I don't much like having 4 separate calls to UPATE_T though.

1. It makes it difficult (without further logging), to determine where exactly it's being called in the control statement.
2. Seems like a waste of space. P_ID is always going to be the same, why set it 4 times?

I decided to make just one call to UPDATE_T. I create local variables, then set them in the control statement, and then make the call to UPDATE_T.
CREATE OR REPLACE
PROCEDURE some_other_procedure
( p_id NUMBER,
p_variable VARCHAR2(1) )
IS
l_col_1 INTEGER := 0;
l_col_2 INTEGER := 0;
l_col_3 INTEGER := 0;
BEGIN
IF p_variable = 'A' THEN
l_col_3 := 1;
ELSIF p_variable = 'B' THEN
l_col_2 := 1;
l_col_3 := 1;
ELSIF p_variable = 'C' THEN
l_col_1 := 1;
ELSIF p_variable = 'D' THEN
l_col_1 := 1;
l_col_3 := 1;
END IF;

update_t
( p_id => p_id,
p_col_1 => l_col_1,
p_col_2 => l_col_2,
p_col_3 => l_col_3 );

END some_other_procedures;
Not much savings in space (and sometimes you'll actually have more), but for me, this is much easier to read. If I have to debug this, it feels a lot easier to concentrate on the control statement without the calls to UPDATE_T.

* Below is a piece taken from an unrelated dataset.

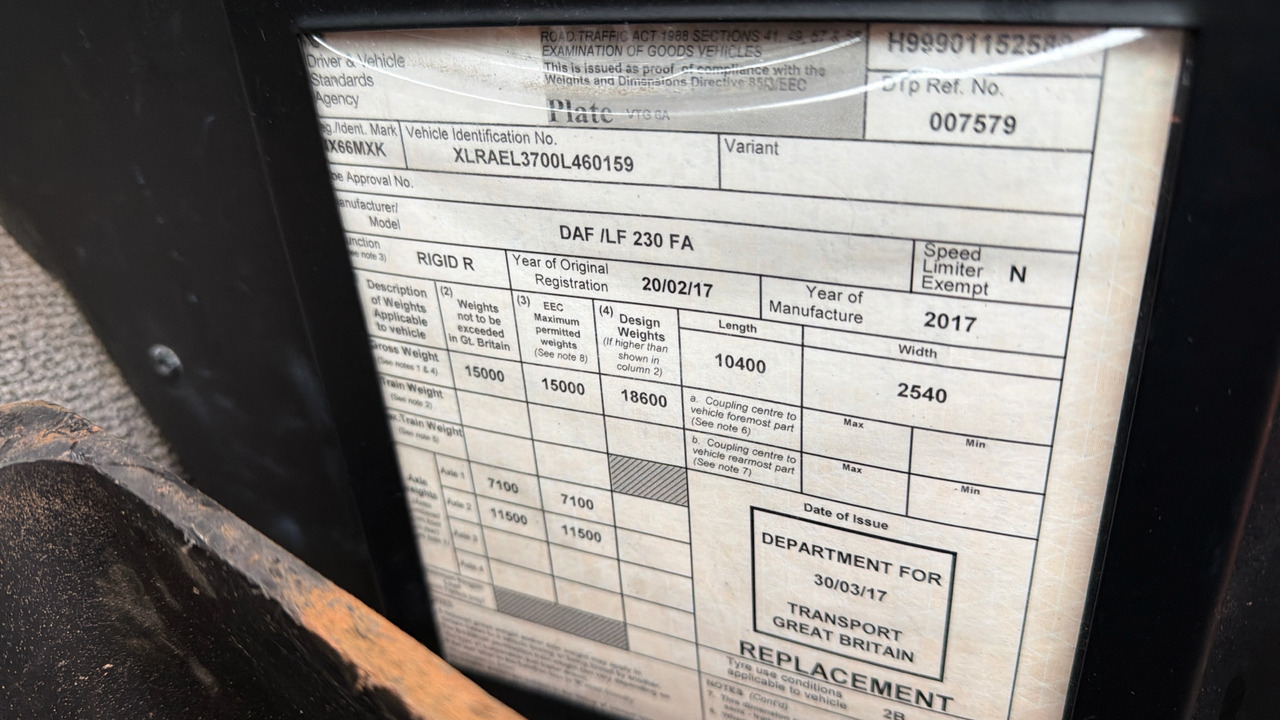 Box truck DAF LF 230: picture 11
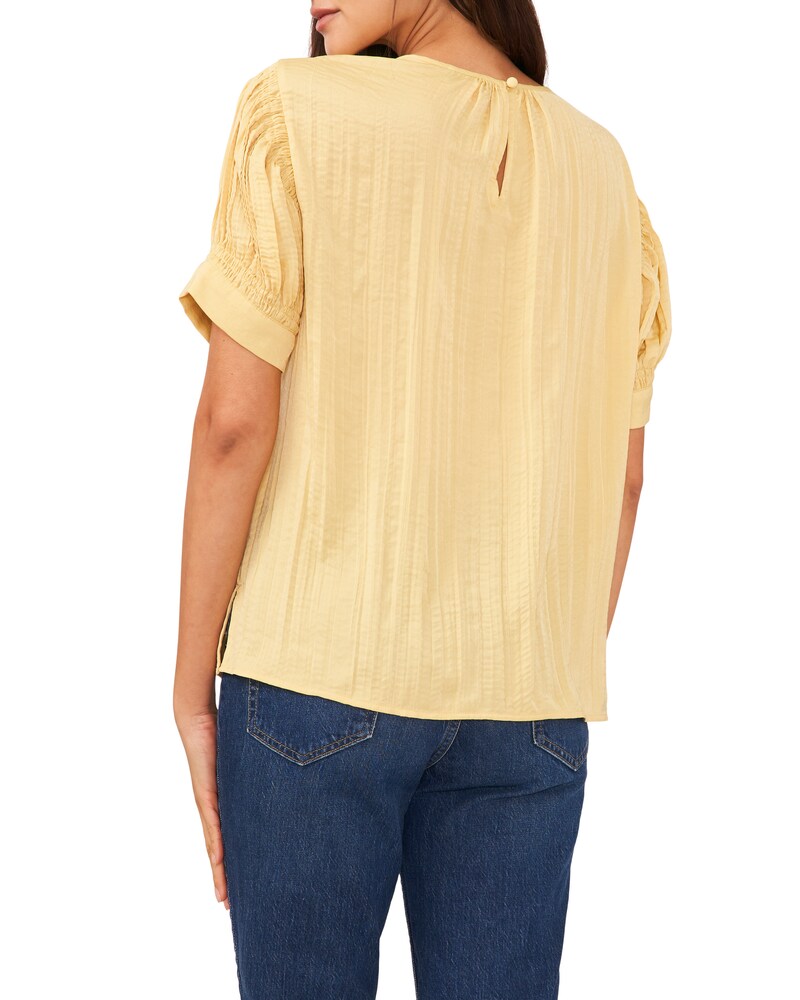 Vince Camuto Ruched Short-Sleeve Blouse Dijon ID-FEWY2246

What do you do in these kinds of situations? Same as me? Different? Think I'm off my rocker (yeah, I know some of you do)?

2 comments:

Chris said...

You could also use case expressions. They support a functional programming style, which often makes the data flow clearer than using side effects (variable assignments in a big if).

oraclenerd said...

Funny you mention that because in the real code that's exactly what I did. There were 3 or 4 ELSIF all on P_ID (in the example posted) so it lent itself nicely to the CASE statement.

I like it better most times as I find it easier to read.